Dress for Success Executive Director Robbye Floyd calls it the "transformational mirror."
Bedecked with glittery gems, it's where women see their self-image renewed by the type of stylish, professional ensemble they need to rock a job interview or get through the days or weeks before the first paycheck.
The San Antonio Express-News reports a mirror in another room reflects the same for men referred to a newer and less-known program called Career Gear.
"The woman or the man who walks into the dressing room feeling like they've got all these things going against them is a different person than the one who comes out of the dressing room in a suit or something professional-looking and sees themselves in the mirror," Floyd said.
"It's amazing, the transformation. And it's not just physical," she added. "They literally have a different posture and a different look in their face. They light up and their self-confidence is raised. And all of that helps them get jobs."
Dress for Success has grown to become a global charity with more than 150 affiliates in cities across the United States and in 30 foreign countries.
It got its start in 1997, when then-law student Nancy Lublin used a $5,000 inheritance to team up with nuns to collect high-quality clothing donations to help low-income women land their first job or return to the workforce. The program was launched in a Manhattan church basement.
San Antonio's Dress for Success program started in 2002. It now operates at a location on North Frio, not far from the Haven for Hope homeless shelter that refers many of its clients. The approximately $1 million yearly budget relies largely on fundraising, grants and donations, with benefactors including some of the leading corporations in San Antonio.
In the past 12 months, Dress for Success has served about 1,380 clients, two-thirds of them women.
The organization provides more than just clothing. There's an array of training and educational courses on the workplace "soft skills" that help people keep the jobs they land as well as career development services to help them grow.
The agency works on an appointment basis, with referrals accounting for about 95 percent of its clients. "They're referred to us by other agencies where they're getting services for some issue on their life that is a barrier to employment," Floyd said. "It could be substance abuse; it could be domestic violence, homelessness. We see a lot of veterans who are transitioning from the military world to the civilian."
Some clients have only a grade-school education, others have earned doctorates. Some held lucrative careers that got derailed by a catastrophic illness or layoff. Most are single parents between 35 and 55, but they also are helping baby boomers returning to the workforce.
Some know fully well how to put together an outfit but just don't have the money to buy clothes. Others have worked only in fast-food or other low-wage jobs with uniforms. Still others have never worked at all.
Donated dresses, suit jackets, slacks and blouses line the walls of the "boutique" room, which looks a lot like a high-end shop. There are also shoes, bags and costume jewelry as well as a closet full of donated totes full of makeup and other "girly" stuff.
The men's program started in 2009 and has slowly gained traction. Part of the problem is getting donations, Floyd said. Men are prone to hold on to items until they're completely worn out, and there is a big need for mainstays like belts and shoes.

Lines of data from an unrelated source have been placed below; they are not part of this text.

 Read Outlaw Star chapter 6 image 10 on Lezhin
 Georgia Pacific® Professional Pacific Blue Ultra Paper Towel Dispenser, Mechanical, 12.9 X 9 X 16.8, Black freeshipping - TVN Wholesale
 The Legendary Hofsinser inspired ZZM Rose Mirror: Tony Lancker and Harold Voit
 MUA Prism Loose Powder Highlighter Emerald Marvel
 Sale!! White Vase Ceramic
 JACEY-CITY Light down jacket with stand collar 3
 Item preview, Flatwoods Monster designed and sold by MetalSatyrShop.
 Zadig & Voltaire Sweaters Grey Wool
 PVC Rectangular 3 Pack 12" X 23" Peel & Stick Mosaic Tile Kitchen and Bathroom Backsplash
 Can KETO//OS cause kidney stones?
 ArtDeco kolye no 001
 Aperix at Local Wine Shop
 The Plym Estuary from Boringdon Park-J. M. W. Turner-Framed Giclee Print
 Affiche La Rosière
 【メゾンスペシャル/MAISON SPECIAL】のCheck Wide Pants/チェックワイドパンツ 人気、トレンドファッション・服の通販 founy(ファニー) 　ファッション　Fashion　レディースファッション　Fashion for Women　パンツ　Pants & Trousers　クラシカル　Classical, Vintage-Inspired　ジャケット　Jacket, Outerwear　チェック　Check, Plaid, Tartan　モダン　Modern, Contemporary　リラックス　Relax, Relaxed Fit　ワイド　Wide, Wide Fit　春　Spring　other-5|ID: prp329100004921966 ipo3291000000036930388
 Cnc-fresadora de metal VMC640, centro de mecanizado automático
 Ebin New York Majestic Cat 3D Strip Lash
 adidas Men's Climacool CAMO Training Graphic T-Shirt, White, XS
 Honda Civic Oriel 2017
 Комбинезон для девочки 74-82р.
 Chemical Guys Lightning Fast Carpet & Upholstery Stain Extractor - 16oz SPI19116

On the women's side, there are never enough of the quality shoes, handbags and costume jewelry that pull together an outfit and are least likely to be part of a closet purge.
Sizing is another problem, and Floyd wishes she'd see more donations of both smaller and larger than average sizes. It's hard to suit clients who are size zeros or 5X, she said. There's the same issue for men who are either small or big and tall.
"Basically when people ask us what we take, we tell them anything that you could see somebody else actually wearing it. It needs to be in good enough shape," she said.
Floyd took over the agency in 2017, following a year as interim director. As a 35-year veteran of nonprofits -- she's worked as a substance abuse counselor, crime victim advocate and even a probation officer -- she's no stranger to people going through hard times.
"It's a mission I think everybody can agree with," she said of her current role. "We all want to see people get to work or get back to work or get out of whatever situation that keeps them from working.
"And whatever is good for them is good for their families and their kids," she said. "Even wider than that, it's good for the local economy for people to be back to work."